↓

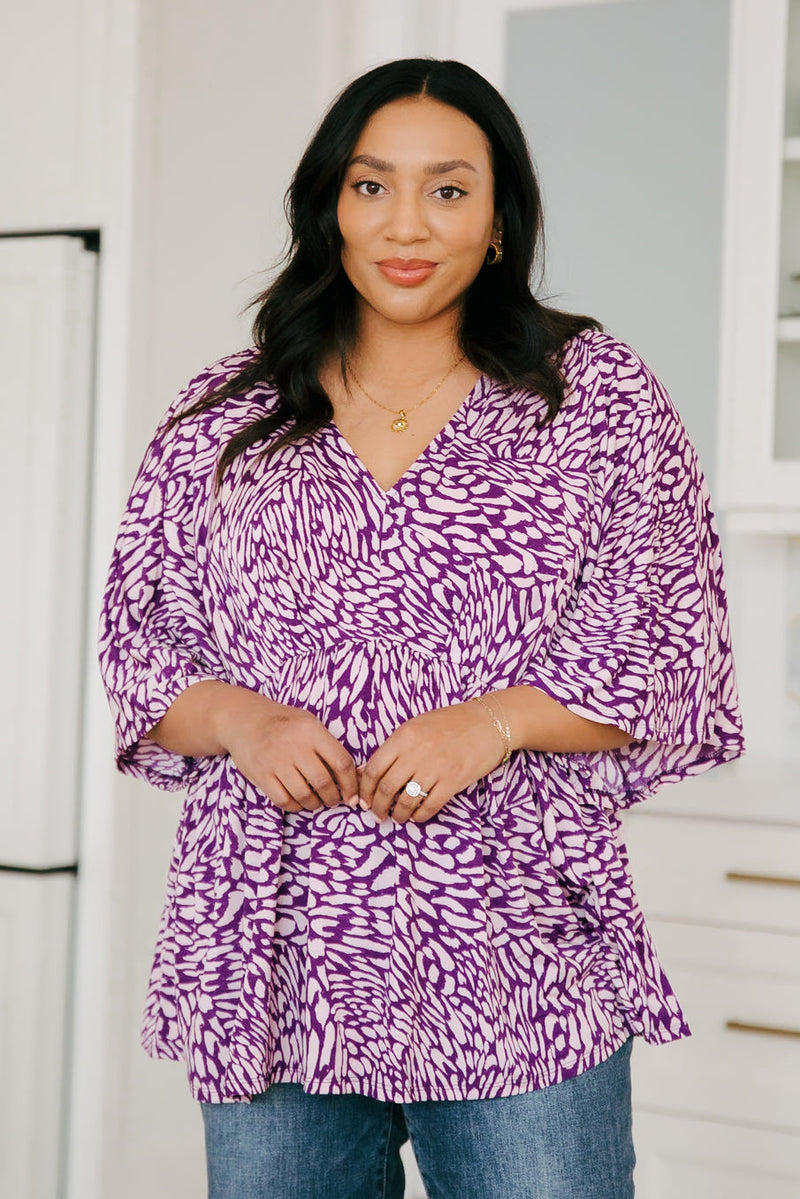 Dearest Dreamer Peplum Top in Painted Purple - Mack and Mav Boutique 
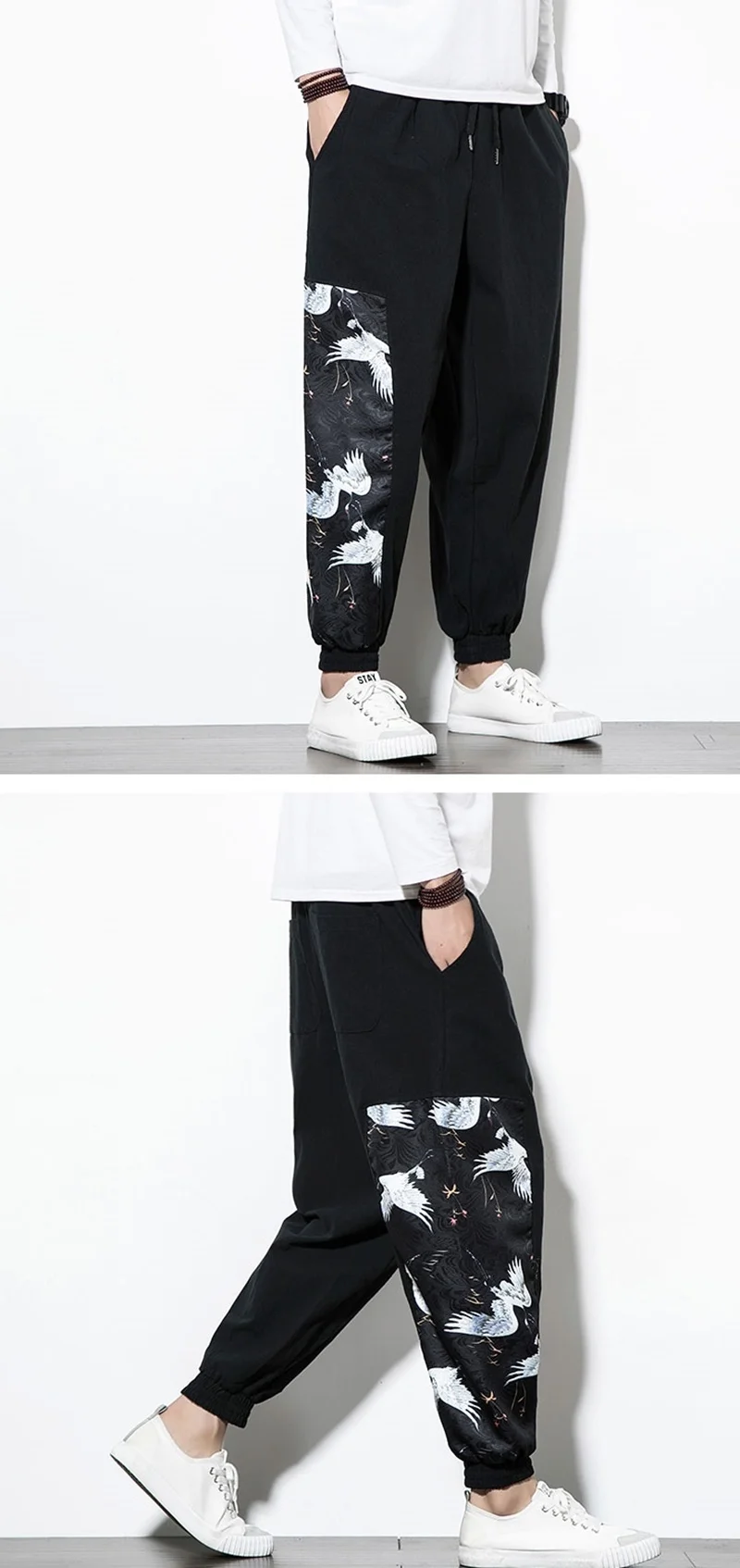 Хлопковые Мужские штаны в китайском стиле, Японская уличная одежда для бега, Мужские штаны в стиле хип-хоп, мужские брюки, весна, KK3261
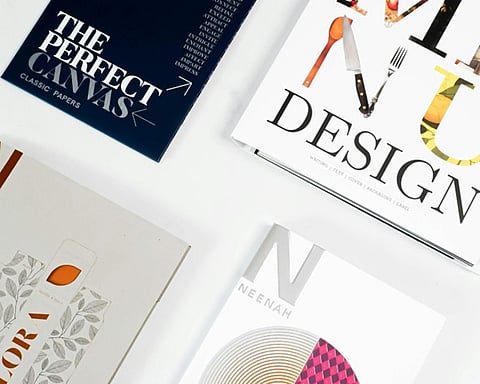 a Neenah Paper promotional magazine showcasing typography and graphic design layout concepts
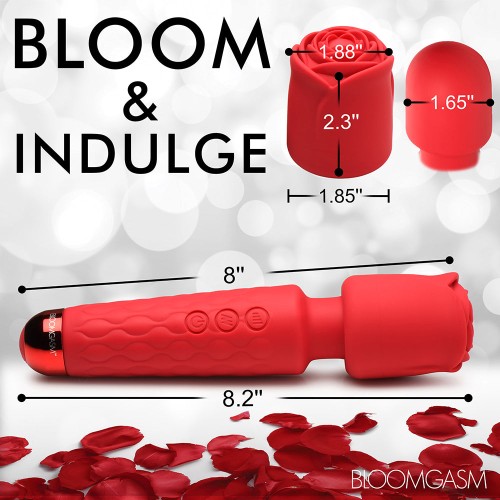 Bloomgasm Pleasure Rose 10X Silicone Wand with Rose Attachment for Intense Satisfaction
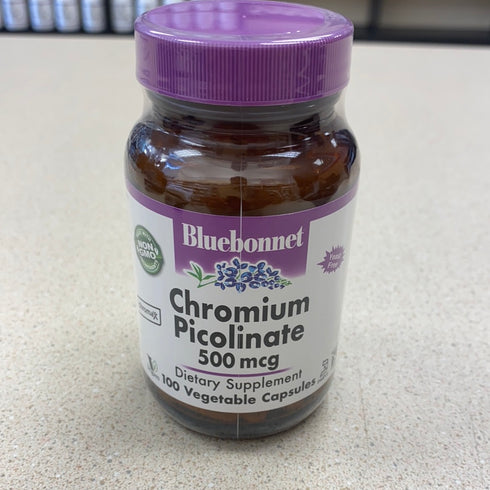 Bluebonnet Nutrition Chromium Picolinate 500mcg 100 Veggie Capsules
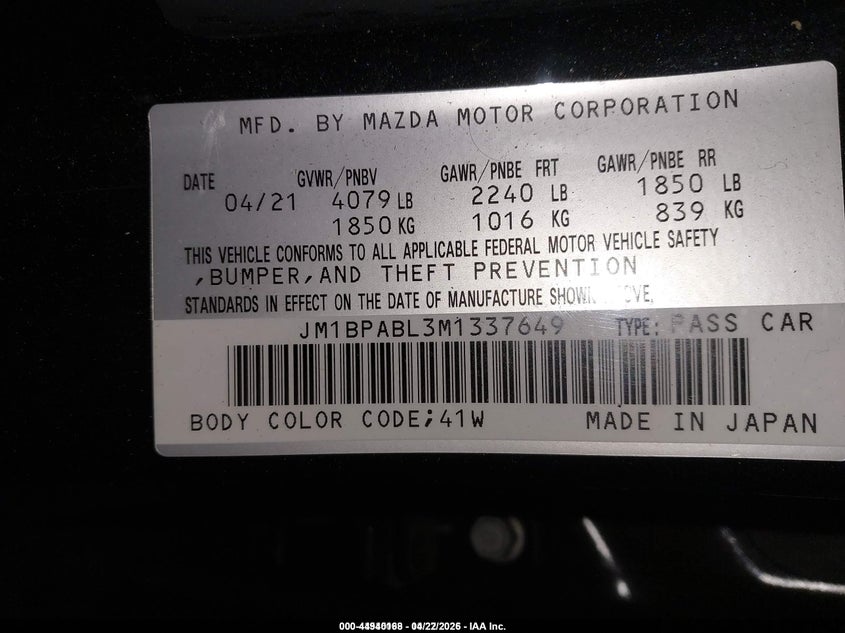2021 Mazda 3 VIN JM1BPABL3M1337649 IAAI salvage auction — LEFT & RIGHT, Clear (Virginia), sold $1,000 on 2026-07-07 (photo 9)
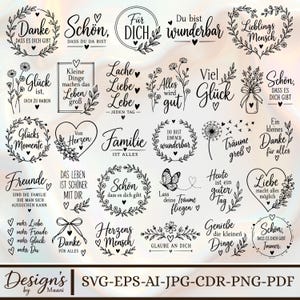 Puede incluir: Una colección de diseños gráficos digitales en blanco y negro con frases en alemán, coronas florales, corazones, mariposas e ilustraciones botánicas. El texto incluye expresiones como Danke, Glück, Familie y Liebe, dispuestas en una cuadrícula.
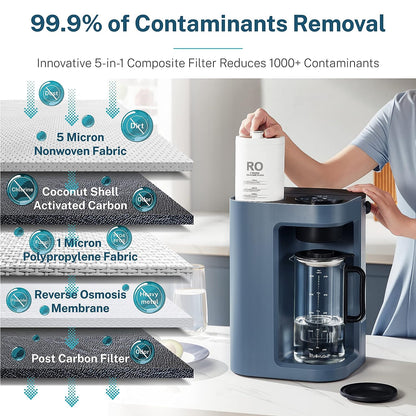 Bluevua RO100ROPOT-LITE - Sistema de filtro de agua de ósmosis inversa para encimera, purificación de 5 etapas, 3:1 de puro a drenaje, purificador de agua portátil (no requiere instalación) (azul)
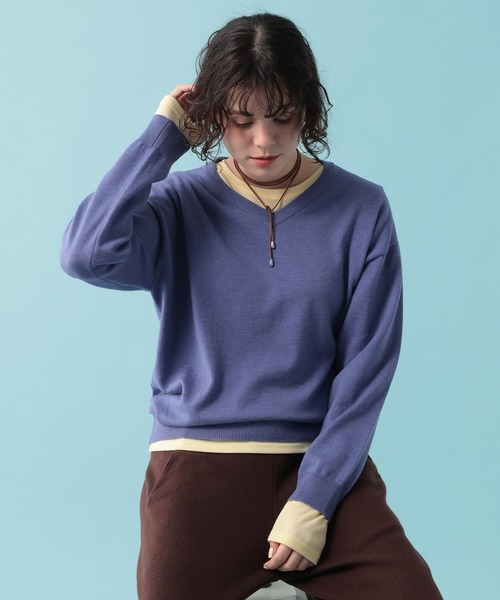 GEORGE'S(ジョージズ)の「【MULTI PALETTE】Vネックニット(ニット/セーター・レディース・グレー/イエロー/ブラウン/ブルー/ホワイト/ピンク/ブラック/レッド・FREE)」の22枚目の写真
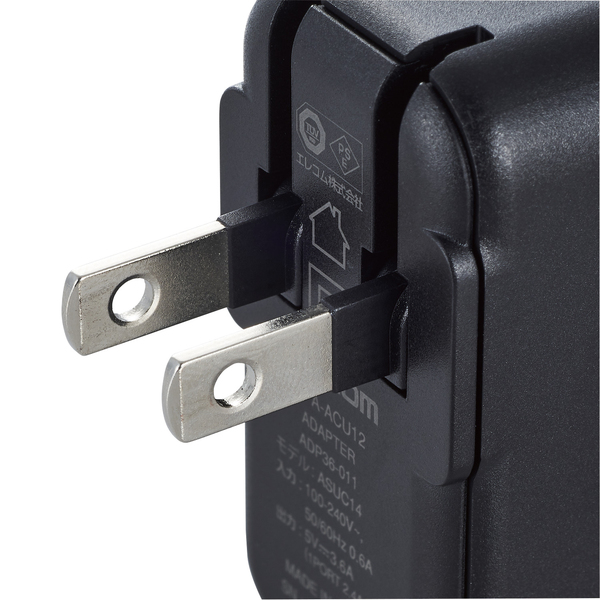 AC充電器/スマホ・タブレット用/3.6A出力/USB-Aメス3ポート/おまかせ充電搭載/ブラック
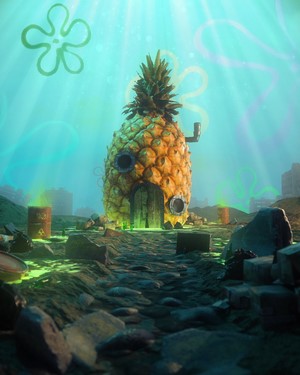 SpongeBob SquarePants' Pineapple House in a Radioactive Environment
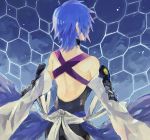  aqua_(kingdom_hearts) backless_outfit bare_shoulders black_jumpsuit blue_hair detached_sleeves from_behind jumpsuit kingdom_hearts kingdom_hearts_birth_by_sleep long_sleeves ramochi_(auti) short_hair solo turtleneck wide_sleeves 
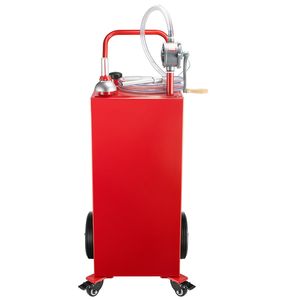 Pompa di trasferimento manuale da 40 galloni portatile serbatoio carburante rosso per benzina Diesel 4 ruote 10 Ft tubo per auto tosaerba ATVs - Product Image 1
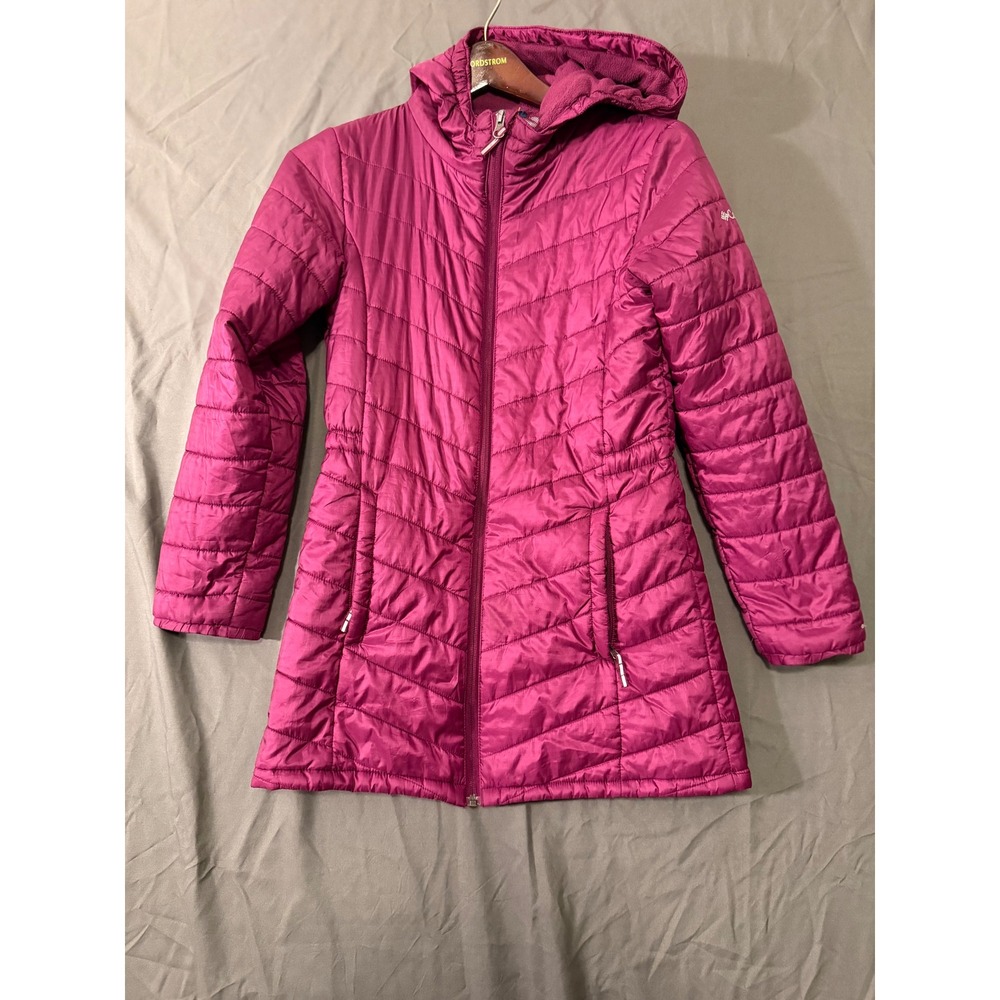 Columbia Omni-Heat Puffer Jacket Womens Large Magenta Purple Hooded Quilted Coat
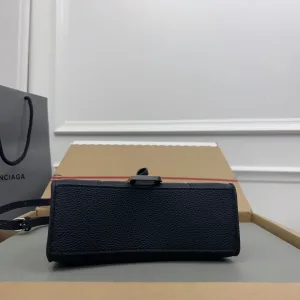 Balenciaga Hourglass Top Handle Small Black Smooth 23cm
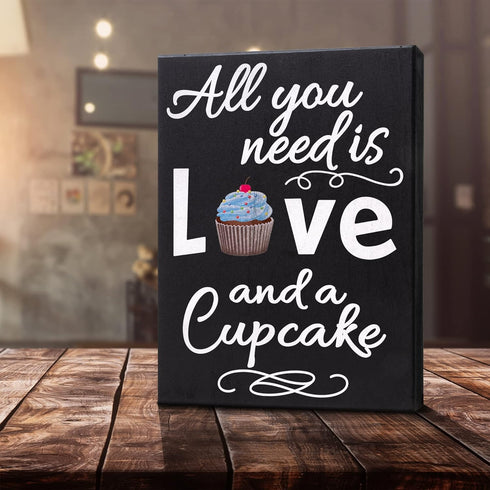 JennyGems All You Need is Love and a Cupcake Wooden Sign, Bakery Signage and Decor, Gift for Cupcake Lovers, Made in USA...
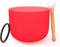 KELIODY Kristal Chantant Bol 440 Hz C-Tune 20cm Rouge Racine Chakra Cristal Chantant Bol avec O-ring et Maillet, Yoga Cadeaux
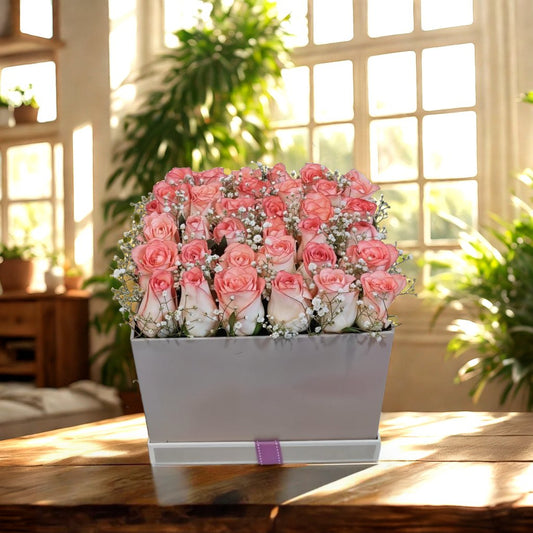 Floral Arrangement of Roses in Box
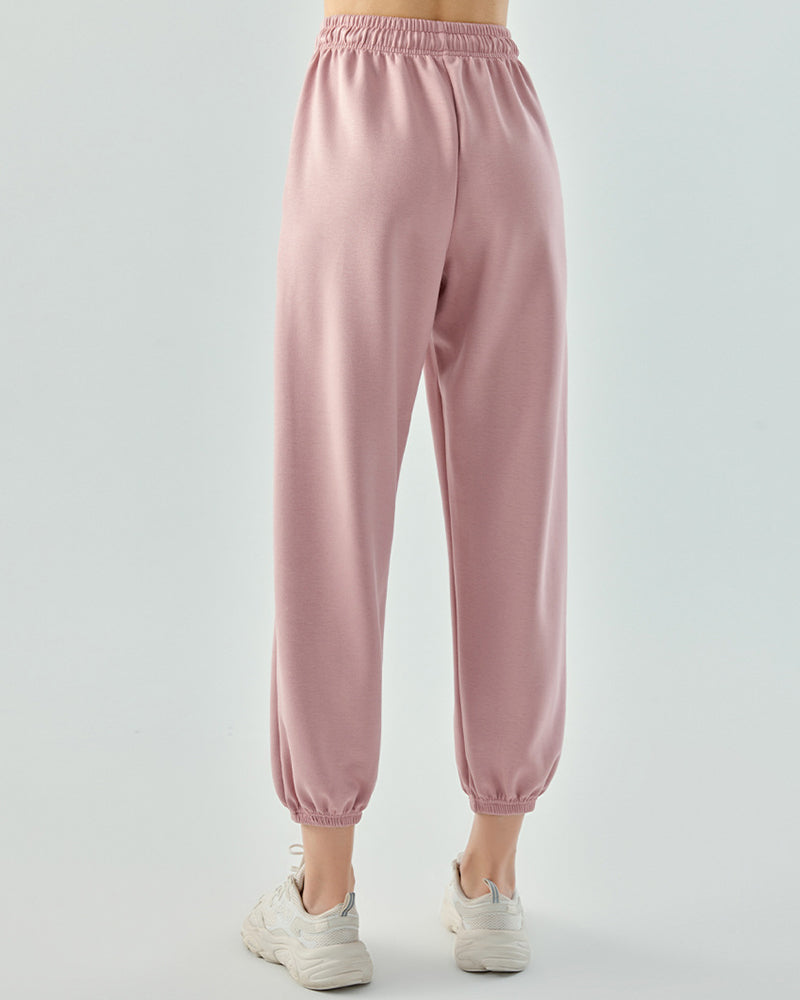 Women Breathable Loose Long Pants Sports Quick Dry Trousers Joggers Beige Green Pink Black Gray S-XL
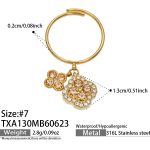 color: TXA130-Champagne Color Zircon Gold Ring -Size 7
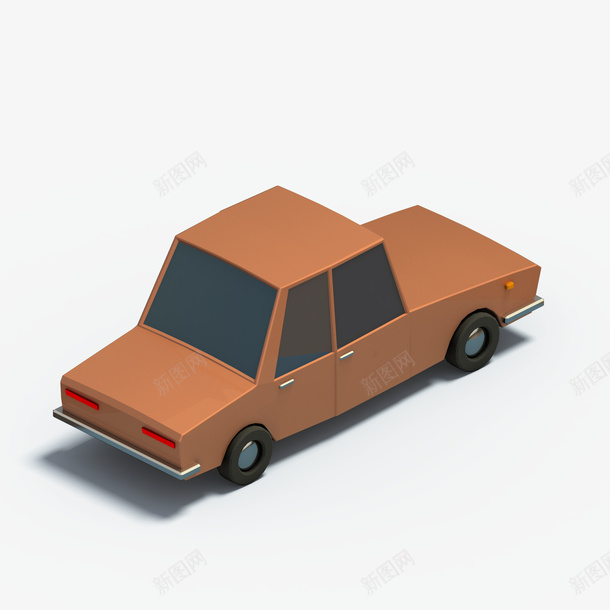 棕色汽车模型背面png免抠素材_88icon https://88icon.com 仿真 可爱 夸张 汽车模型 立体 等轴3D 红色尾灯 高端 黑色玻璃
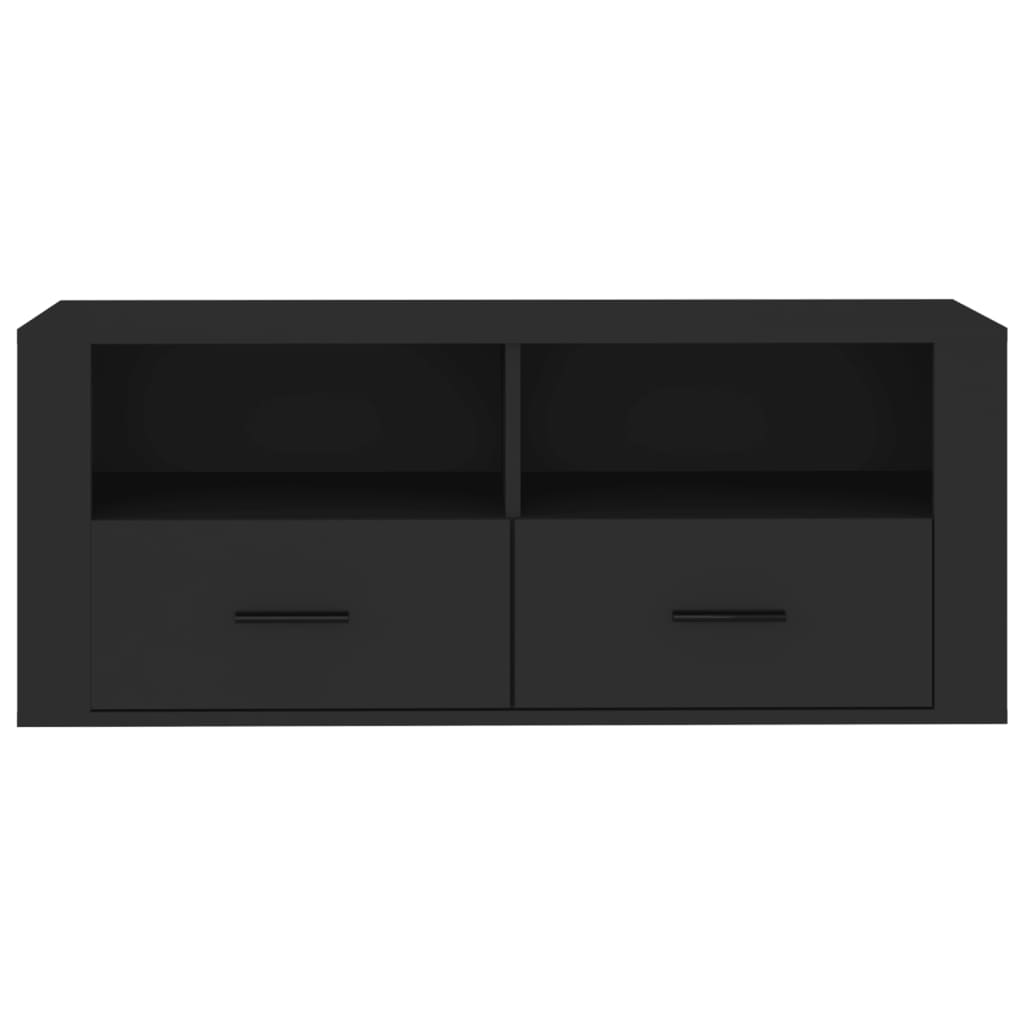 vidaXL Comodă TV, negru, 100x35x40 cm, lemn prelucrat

↑

* _How to complete this task_
Exactly the lines from the one with "color: TXA130-Champagne Color" through the end of the entries above must be written out, and no pictures may be included.

* _Task result_
 color: TXA130-Champagne Color Zircon Gold Ring -Size 7
 棕色汽车模型背面png免抠素材_88icon https://88icon.com 仿真 可爱 夸张 汽车模型 立体 等轴3D 红色尾灯 高端 黑色玻璃
 vidaXL Comodă TV, negru, 100x35x40 cm, lemn prelucrat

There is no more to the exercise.